Incidents/2018-03-14 ORES

From Wikitech

Summary

We had a small and planned user facing outage during maintenance

Timeline

  • 14:18 UTC Aaron Halfaker and Alex discuss the need to do a scheduled reboot of the oresrdb hosts for kernel upgrades. Decision is taken to proceed with it ASAP
  • 14:25 UTC Alex starts with the slaves in codfw and eqiad. No impact
  • 14:34 UTC Both slaves had caught up to the masters
  • 14:34 UTC Alex starts reboots for the master redis on codfw. Errors start
  • 14:35 UTC Reboot is done but redis is loading the dataset in memory
  • 14:37 UTC oresrdb2001 has the dataset in memory, jobs can be submitted once more.
  • 14:45 UTC After having gauged the effects in codfw, alex starts the same process in eqiad
  • 14:47 UTC Icinga notices
  • 14:50 UTC Up and running again. Icinga notices

Conclusions

We were unable to serve ~2500 requests total in eqiad (~250 external ones) and ~6000 requests in codfw (~240 external ones).
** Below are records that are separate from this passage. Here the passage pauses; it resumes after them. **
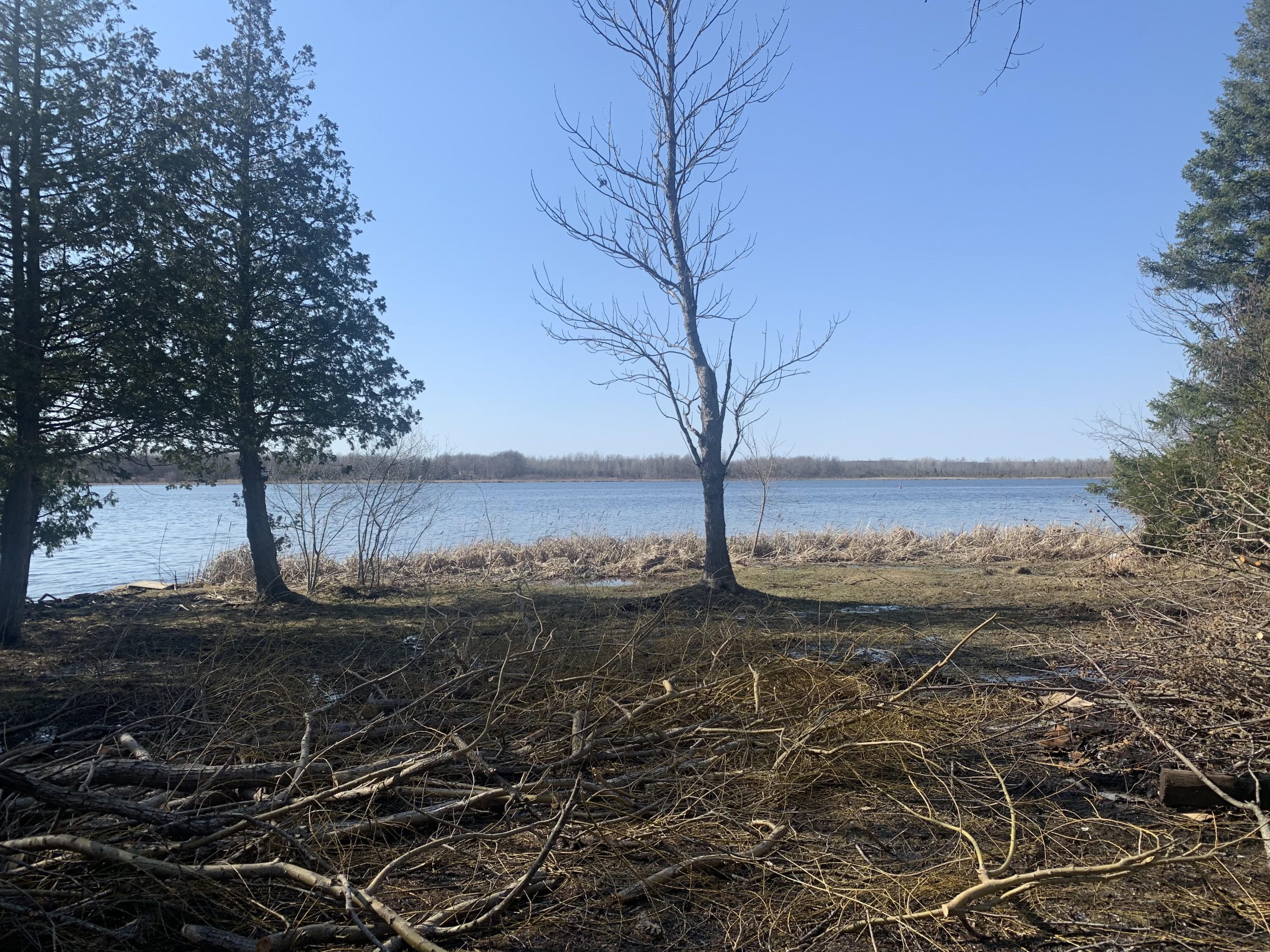 Waterfront lot for a tiny cabin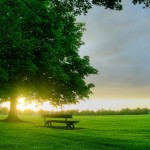  صور لنور الشمس عند الشروق‎ سبحان الله الخالق  جمال الطبيعة منظر مريح جدا 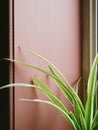 Leaves of a spider plant in front of a pink wall indoors with so Royalty Free Stock Photo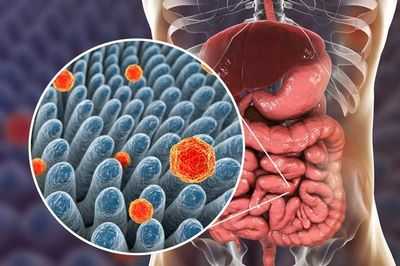 Бактерии кишечника защищены хозяином во время болезни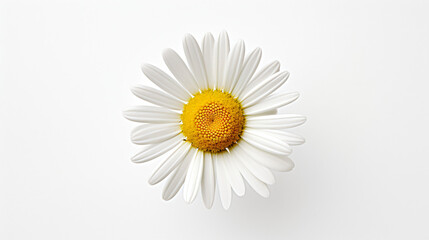 daisy on white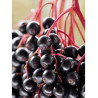 SAMBUCUS nigra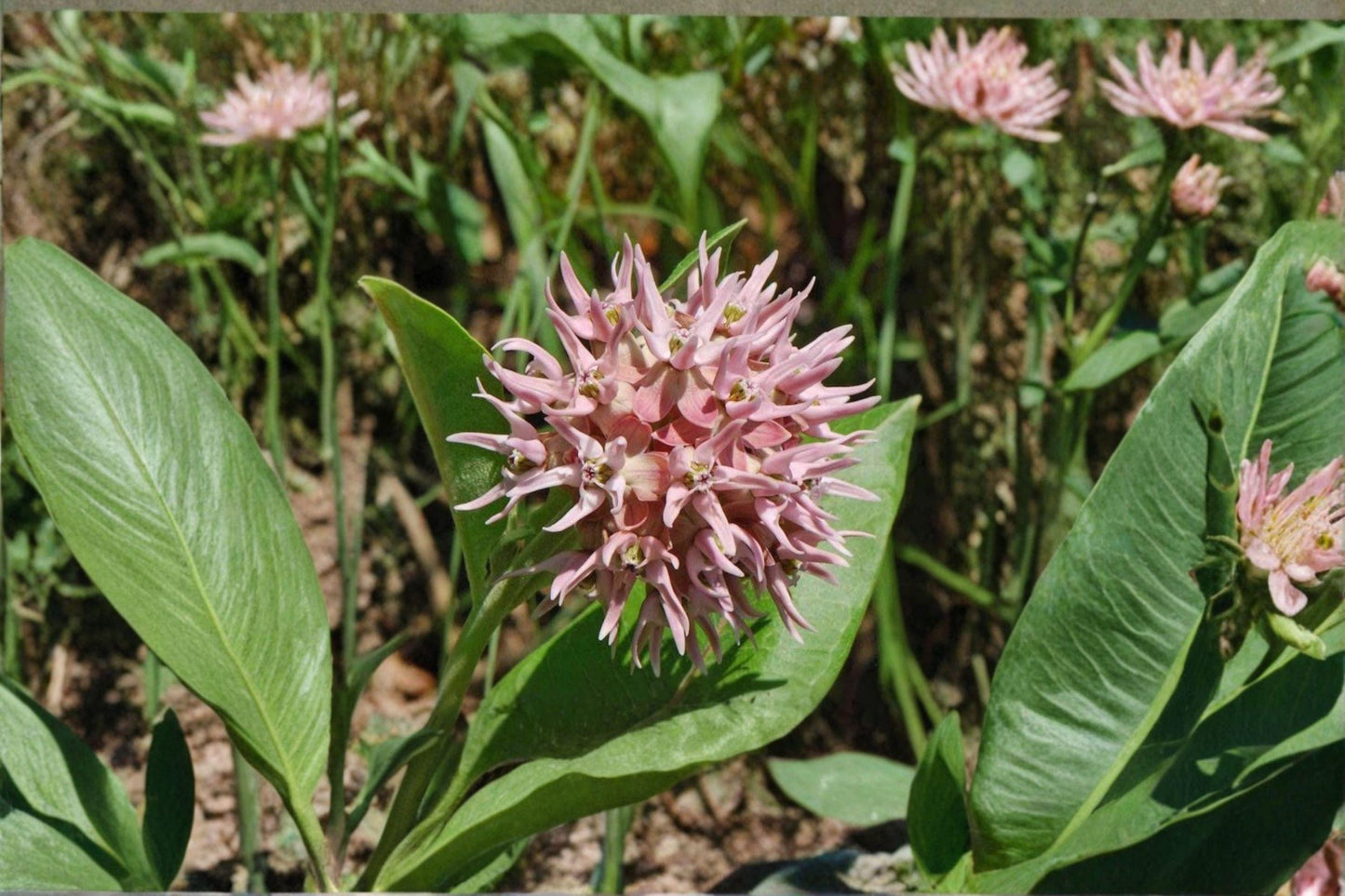 15 Showy Milkweed Seeds – Asclepias speciosa – Monarch Butterfly Host Plant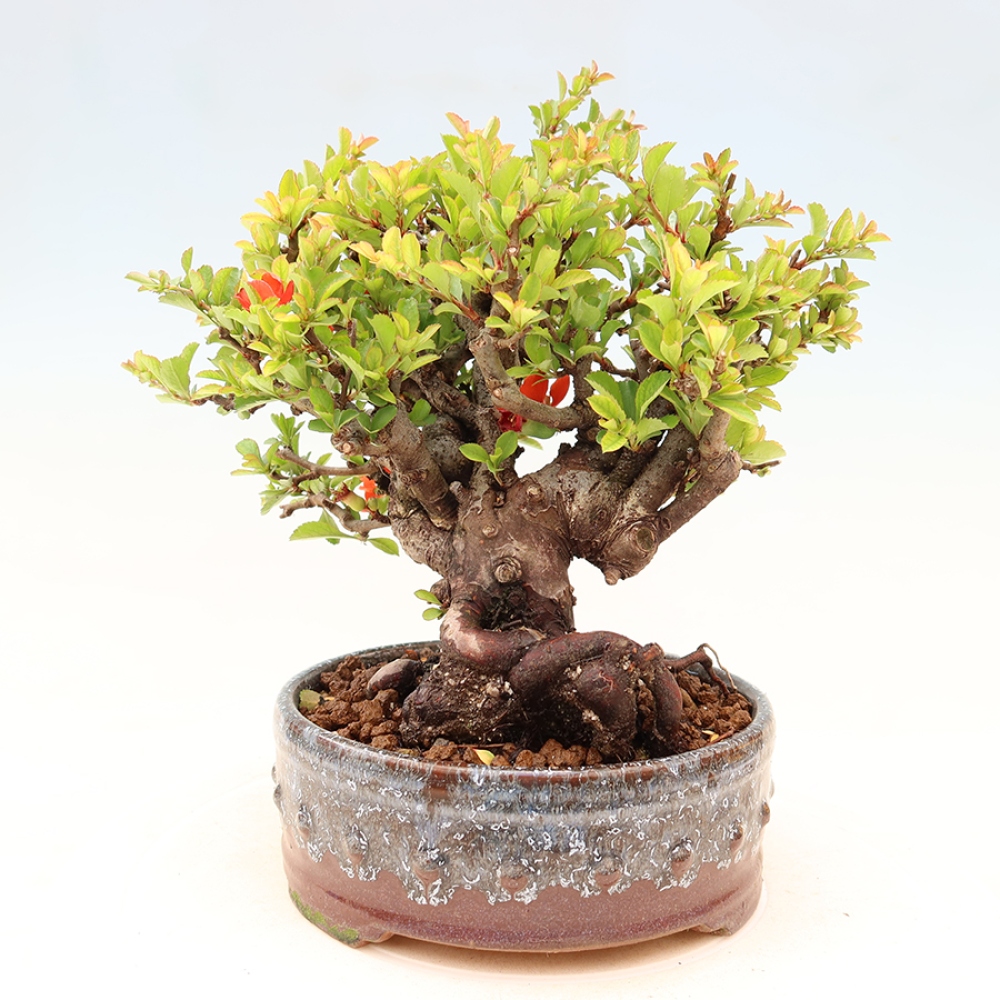 Bonsai zewnętrzne - Chaneomeles speciosa Chojubai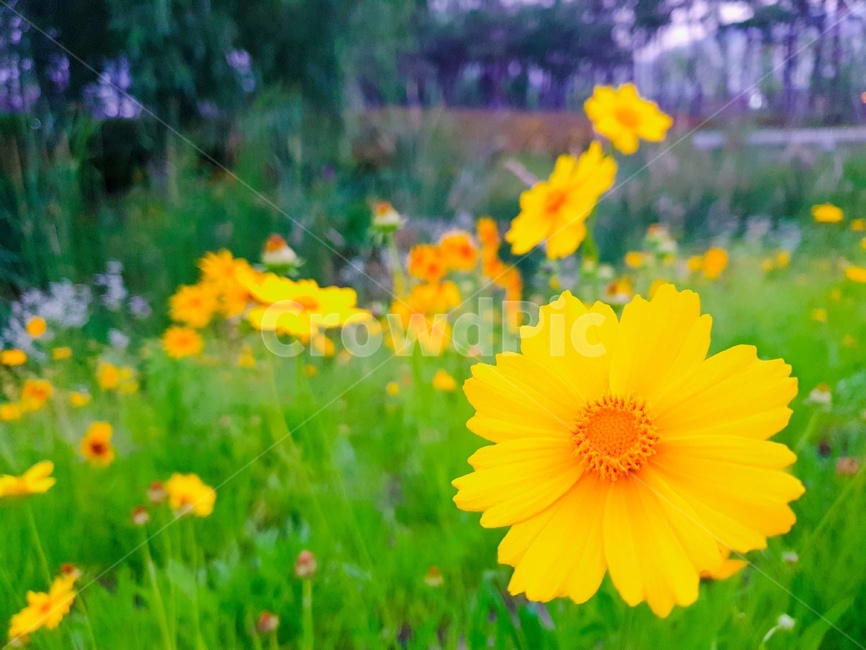 꽃,공원,여름,식물,노란꽃,산책길,노란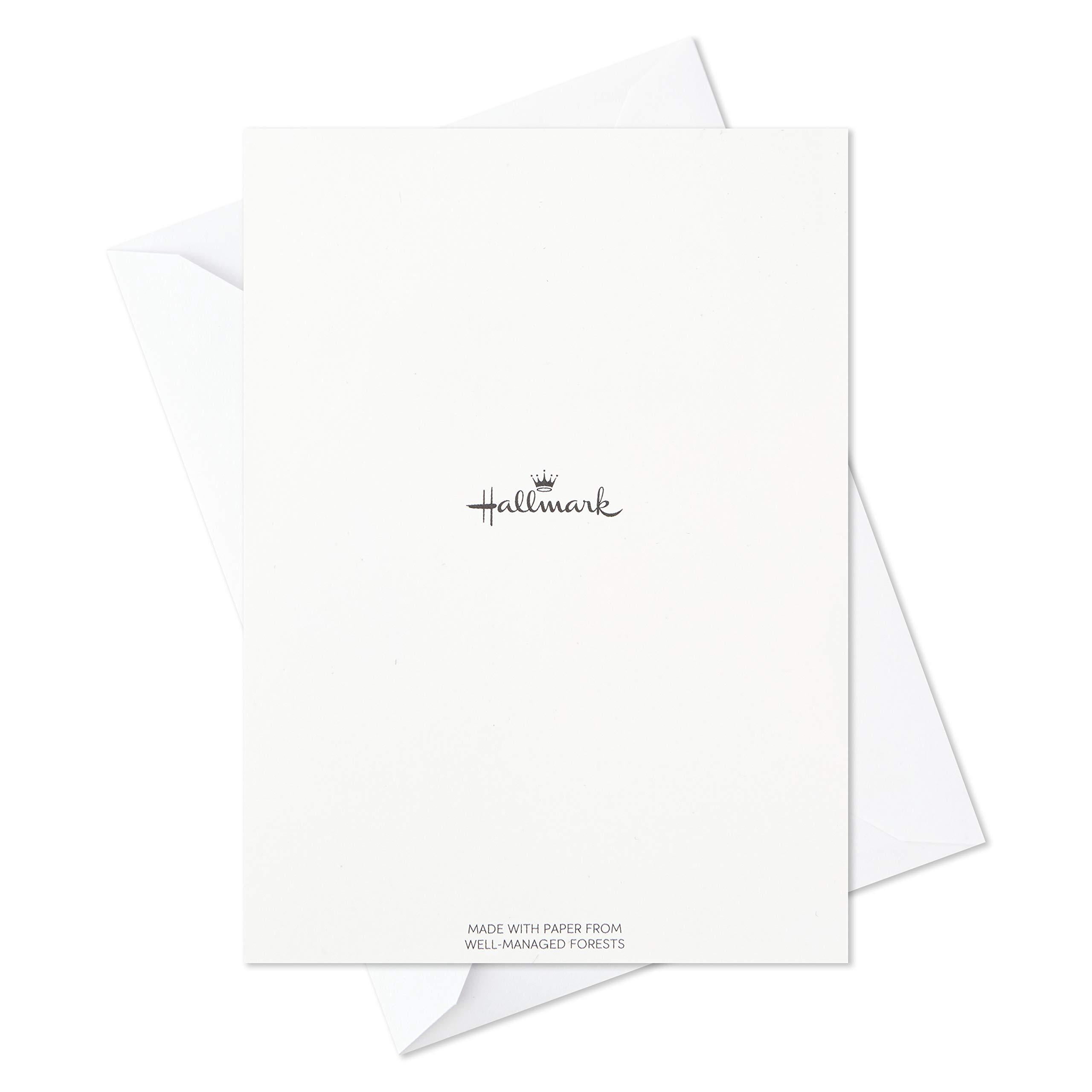 Hallmark Nature Prints Blank Greeting Cards with Envelopes, (48 Count)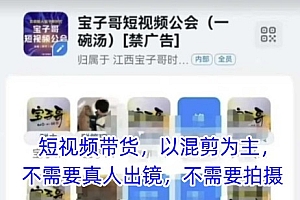 宝子哥头部团队短视频带货,以混剪为主,不需要真人出镜,不需要拍摄【更新8月】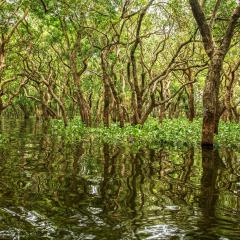 Mangroves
The reason behind this is that the redis hosts that acts both as a queue and as a cache is now a SPOF and this should be addressed.

Actionables

  • Use twemproxy for the cache redis at least in order to be able to serve at least a portion of requests during a downtime (Phab: TODO)
  • Try to figure out way that the queue redis can be made highly available (Phab: TODO)